Find a second order ODE which is satisfied by a function with arbitrary constants. Given an initial function $y(x)=C_1x+C_2\sin(x)$ how can I derive a second order differential equation with no arbitrary constants?
I have attempted by finding the derivatives: $y'=C_1+C_2\cos(x)$;  $y''=-C_2\sin(x)$; and then forming an ODE of the form $y''+Ay'+By=0,$ but I am unable to find values for $A$ and $B$ which satisfy this. 

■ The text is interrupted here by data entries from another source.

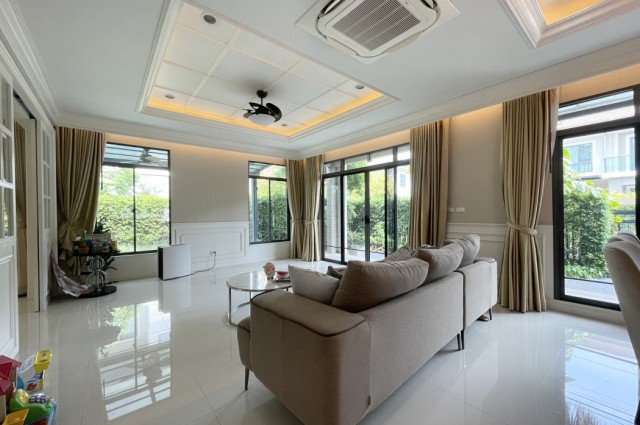 ให้เช่า บ้านหรู พัฒนาการ 38 พร้อมเฟอร์ ใกล้ทองหล่อ เพียง 20 นาที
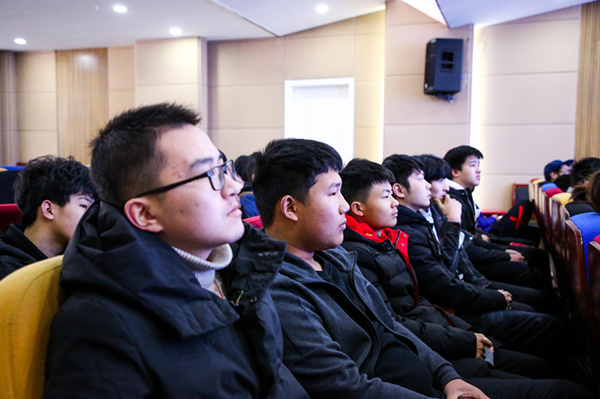 新生入學(xué)<a href=http://njxh.cn target=_blank class=infotextkey>專業(yè)</a>解讀，為你揭開兩大<a href=http://njxh.cn target=_blank class=infotextkey>專業(yè)</a>的神秘面紗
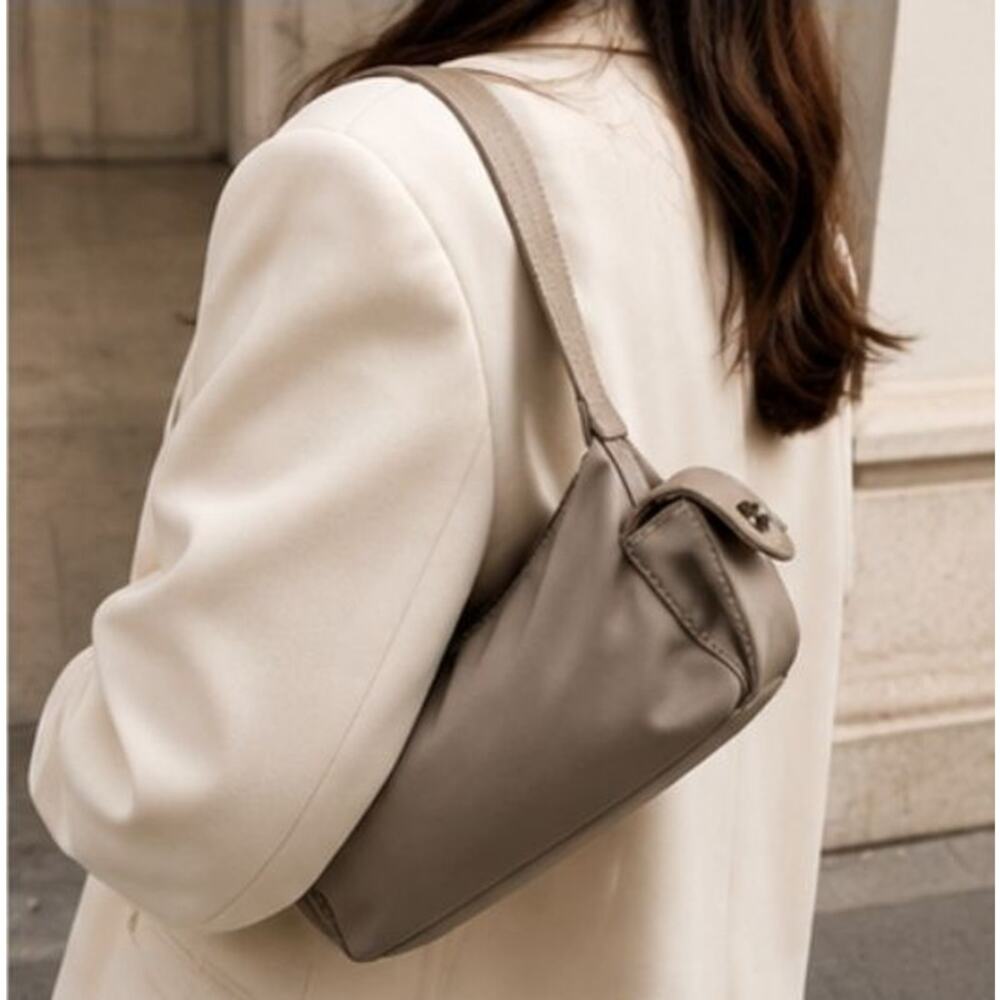 NEW Nine West Taupe Nylon Baguette Shoulder Bag Minimalist Y2K Quiet Luxury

 A: To eliminate the first constant, write
$$\frac yx=C_1+C_2\frac{\sin x}x$$
then taking the derivative,
$$\frac{y'x-y}{x^2}=C_2\frac{\cos x\, x-\sin x}{x^2}.$$
To eliminate the second constant, now write
$$\frac{y'x-y}{\cos x\,x-\sin x}=C_2.$$
After differentiation and simplification, the numerator yields 
$$y''(\cos x\,x-\sin x)+(y'x-y)\sin x=0.$$
A: A general second order ODE (in $y$) that these two basis functions have to satisfy by basic properties of the determinant is
$$
0=\det\pmatrix{y&y_1&y_2\\y'&y_1'&y_2'\\y''&y_1''&y_2''}
=\det\pmatrix{y&x&\sin x\\y'&1&\cos x\\y''&0&-\sin x}
=\det\pmatrix{y+y''&x&0\\y'&1&\cos x\\y''&0&-\sin x}
$$
Expanding for the first row then results in
\begin{align}
0&=(y''+y)(-\sin x)-x(-y'\sin x-y''\cos x)
\\
&=(x\cos x-\sin x)\,y''(x)+x\sin x\, y'(x)-\sin x\, y(x).
\end{align}
A: You're on the right track. What really helps here is to differentiate in such a way as to eliminate the constants more quickly. Note that this is one of the standard tricks in ordinary differential equations. For example:
\begin{align*}
y(x)&=C_1x+C_2\sin(x)\\
y(x)-C_2\sin(x)&=C_1x \\
\frac{y(x)-C_2\sin(x)}{x}&=C_1 \\
\frac{d}{dx}\bigg[\frac{y(x)-C_2\sin(x)}{x}&=C_1\bigg] \\
\frac{x(y'(x)-C_2\cos(x))-(y(x)-C_2\sin(x))}{x^2}&=0 \\
x y'(x)-C_2x \cos(x)-y(x)+C_2\sin(x)&=0 \\
xy'(x)-y(x)&=C_2(x\cos(x)-\sin(x)) \\
\frac{xy'(x)-y(x)}{x\cos(x)-\sin(x)}&=C_2 \\
\frac{d}{dx}\bigg[\frac{xy'(x)-y(x)}{x\cos(x)-\sin(x)}&=C_2\bigg] \\
\frac{(x\cos(x)-\sin(x))(xy''(x))-(xy'(x)-y(x))(-x\sin(x))}{(x\cos(x)-\sin(x))^2}&=0 \\
xy''(x)(x\cos(x)-\sin(x))+x\sin(x)(xy'(x)-y(x))&=0 \\
y''(x)(x\cos(x)-\sin(x))+\sin(x)(xy'(x)-y(x))&=0.
\end{align*}
So there you go.